Dans son étude de l'image du corps,
l'auteur se rattache aux travaux princeps de Paul Schilder, mais
plus encore à ceux d'auteurs qui se sont consacrés
à l'exploration des psychoses et de l'autisme chez l'enfant
: Donald Winnicott, Esther Bick, Frances Tustin. Cette exploration
a montré les profondes anomalies de la construction de
l'image du corps chez ces enfants, et en particulier de la construction
des frontières de cette image, dénommées
peau psychique par Esther Bick, moi-peau ou enveloppe psychique
par Didier Anzieu. David
Rosenfeld a mis en évidence une
forme pathologique de l'image du corps, typique de la partie psychotique
de la personnalité, qu'il a dénommée image
corporelle psychotique primitive. Dans cette configuration particulière,
l'image du corps n'a plus de frontière propre, elle s'organise
sur le mode d'un réseau artériel ou veineux, rempli
d'une substance liquide (peut-être gazeuse dans certains
cas) qui menace à tout moment de s'écouler à
l'extérieur et de vider le monde psychique du sujet de
toute vie. A l'inverse, dans le processus de la cure, la nature
liquidienne des contenus de l'image du corps fait place peu à
peu à des aspects plus consistants, plus solides et plus
stables, ce qui permet de suivre pas à pas les progrès
de la cure. La description de l'image corporelle psychotique primitive
est un apport majeur à la théorie psychanalytique
de la psychose ou de la partie psychotique de la personnalité.

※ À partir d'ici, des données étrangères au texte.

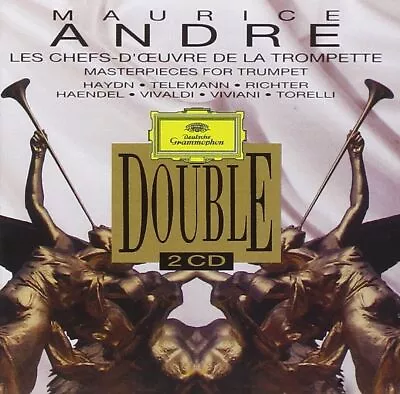 Maurice Andre Performs Trumpet Masterpieces (2 CDs DG 1992) • $19.99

Son application à l'étude de certains états
psychosomatiques ou à celle de certaines conduites toxicomaniaques
s'est montrée particulièrement féconde, comme
en témoigne plusieurs chapitres de cet ouvrage. L'image
corporelle psychotique primitive s'inscrit sur un axe qui va du
chaos total d'un self complètement morcelé, à
l'image unifiée et stable d'un self mature et sain résultant
d'un processus de stabilisation des turbulences émotionnelles
et pulsionnelles qui agitent mais en même temps animent
le monde psychique primitif. De la qualité de la relation
du self à un contenant capable de détoxiquer les
projections qu'il reçoit, c'est-à-dire de stabiliser
ces turbulences en des représentations permanentes, dépendra
la possibilité de construire une image du corps plus ou
moins complète et étanche, qu'il s'agisse du développement
de l'enfant dans les relations à ses objets parentaux ou
de la cure d'un patient en analyse.
L'autre apport théorique de David Rosenfeld
se trouve dans la référence qu'il fait à
la communication verbale et à ses distorsions dans la cure.
Il s'appuie pour cela sur les distinctions des sémioticiens
entre aspect syntaxique, aspect sémantique et aspect pragmatique
du langage. Chacun de ces aspects peut faire l'objet d'une distorsion
dans la communication entre l'analysant et l'analyste. Les constructions
syntaxiques, les mots et les expressions, les effets voulus sur
l'interlocuteur sont soumis à des déformations plus
ou moins profondes venant de la part psychotique de la personnalité.
L'analyste doit apprendre à repérer ces distorsions.
Parfois, il devra les interpréter pour autant que le matériel
et que le transfert s'y prêtent, parfois il devra attendre
patiemment le moment propice à une telle analyse. La qualité
empathique de la communication du thérapeute avec son patient
est ici essentielle.
David Rosenfeld nous amène ainsi de la pratique psychanalytique
vers de nouvelles élaborations théoriques pour faire
retour à la pratique et valider ses hypothèses par
leurs applications thérapeutiques. N'est-ce pas là
l'axe même tracé par Freud dans le mouvement de sa
découverte de la psychanalyse ? Chaque fois qu'ils s'en
éloignent les psychanalystes se perdent en vaines querelles
idéologiques, chaque fois qu'ils s'en rapprochent ils découvrent
avec émerveillement la fécondité de leur
méthode. Le présent ouvrage convaincra le lecteur
de la fécondité de la méthode psychanalytique,
lorsqu'elle est rigoureusement appliquée, dans l'exploration
des psychoses ou d'autres états psychopathologiques sévères.